In one of those interviews, they told me that they were looking for new SDG advocates at a global level and were interested in my profile. Still, honestly, at that time, I did not take it seriously because they told me that besides me, they were interviewing presidents, prime ministers, among other authorities and leaders around the world. So when I received the letter from the Secretary General, António Guterres, requesting my confirmation as an SDG advocate, was when I realized what was happening. It was very nice to receive such recognition without even having applied.

What are your plans as a spokesperson for youth and Latin America in this new position?

I plan to focus on identifying the digital divide in Latin America to design a roadmap that we can concretize in an International Convention on Digital Rights to implement the SDGs for the 2030 Agenda.
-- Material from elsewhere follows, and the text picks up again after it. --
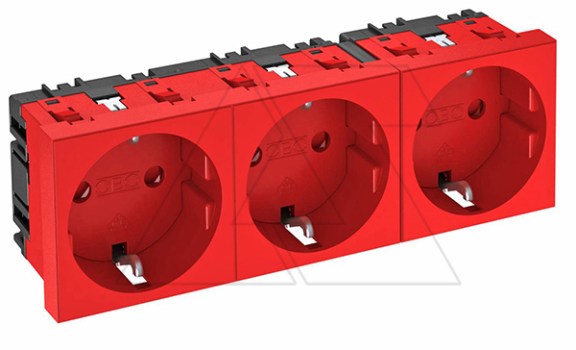 Розетка STD-D0 SRO3, 3x2P+E нем.ст., 16А, 250V ~, 0°, пруж. зажимы, защ. шторки, красный, поликарбонат фото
We also understand that sustainability not only refers to our interaction with the environment but also talks about how we can co-create solutions that are sustainable over time at a social level. For this, intergenerational dialogue is fundamental in the way we act. Therefore, I plan to continue establishing concrete spaces for child and youth participation in the processes that we will carry out during my term, but also establishing it as a regular way of working at the United Nations.


Photo: courtesy of Valentina Muñoz

From this new appointment, how will the gender issue be integrated?
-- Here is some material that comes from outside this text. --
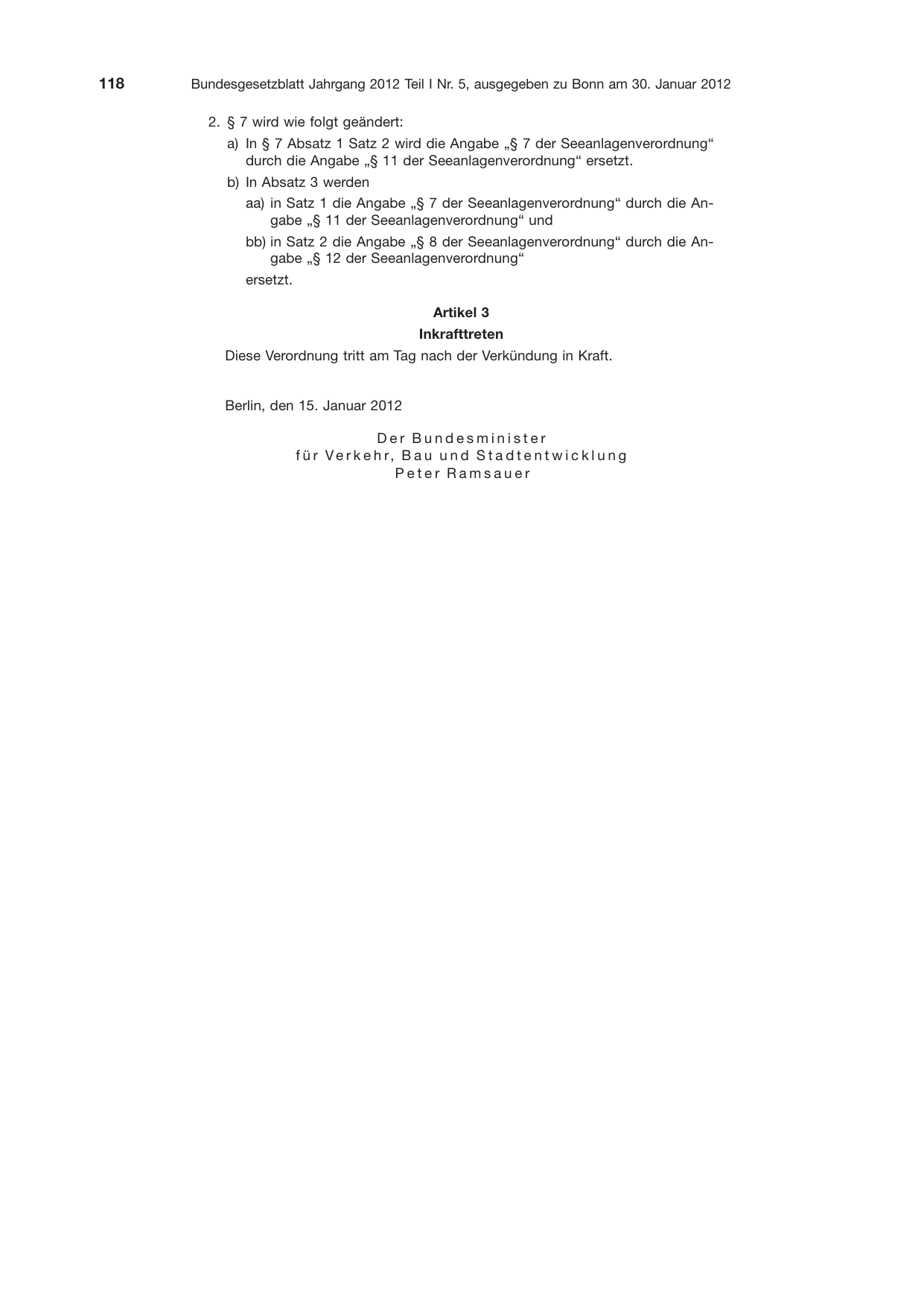 BGBl. 2012, Seite 118 — Originalseite als Abbildung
I think the great thing about the SDGs is that they represent the intersectionality under which our social issues are constructed. For example, when we talk about poverty, education, connectivity, we talk about gender, race, territoriality, and class. It is necessary to understand this relationship to move forward integrally with our global objectives. For me, the digital gap is a gender issue, and from that perspective, we must work globally.

How will your current work with girls and adolescents in AMUJI be articulated with the designation of SDG advocate? 

AMUJI was created from the necessity of giving social and political leadership to adolescents and girls (hence our slogan "by girls for girls") and, since I am now of legal age, we are managing the elections for the Presidency of the organization so that the leadership remains within that age group. In the midst of this coordination and restructuring, I feel somewhat anxious but confident that this is an opportunity for the new volunteers and members of AMUJI's Board of Directors to have direct communication not only with the United Nations but also with other networks in Latin America and the world that are working on similar issues and with which we can collaborate.

You are interested in strengthening the issue of digital rights around the world. What does this proposal consist of, and how would it impact the SDGs?

With only nine years to go before the deadline of the 2030 Agenda, we cannot continue to work on the SDGs without reaching agreements and strategic alliances to accelerate progress on the goals. I consider it necessary to establish common concrete goals, for that we have to dialogue globally. Advancing in digital rights will give us the possibility of establishing constant communication between regions. It will significantly facilitate the coordination of initiatives for the 2030 Agenda, in addition to reducing inequalities (SDG 10) around poverty (SDG 1), education (SDG 4), gender (SDG 5), work (SDG 8), innovation and infrastructure (SDG 9), among others. We will start working on these and other proposals in the SDG advocates team at the end of October.